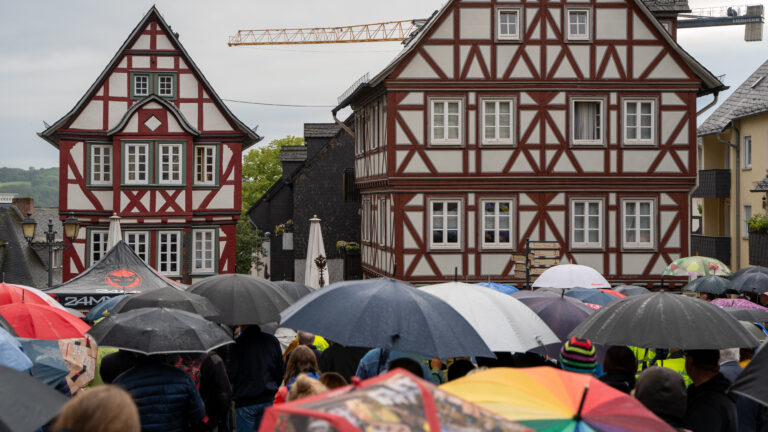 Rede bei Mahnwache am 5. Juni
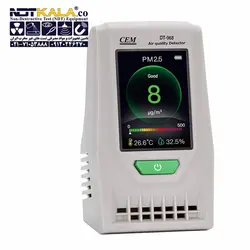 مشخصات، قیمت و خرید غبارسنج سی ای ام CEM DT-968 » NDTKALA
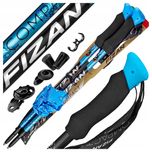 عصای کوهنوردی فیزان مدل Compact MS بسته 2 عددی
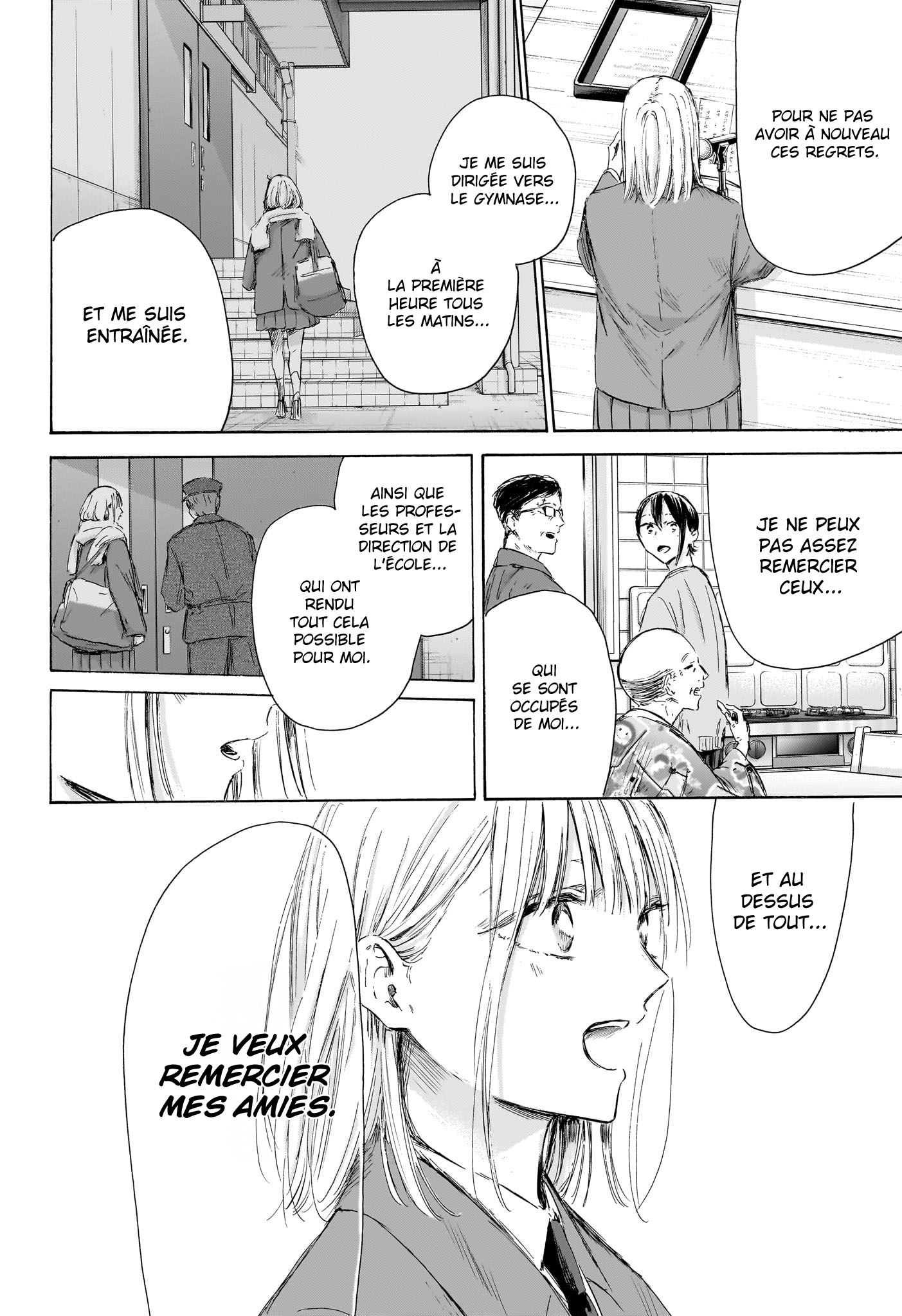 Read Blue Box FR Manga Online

◆ WORK TO BE COMPLETED: Could you retype every line above exactly as it appears, skipping the pictures?

◆ OUTPUT BELOW:
 Rede bei Mahnwache am 5. Juni
 مشخصات، قیمت و خرید غبارسنج سی ای ام CEM DT-968 » NDTKALA
 عصای کوهنوردی فیزان مدل Compact MS بسته 2 عددی
 Read Blue Box FR Manga Online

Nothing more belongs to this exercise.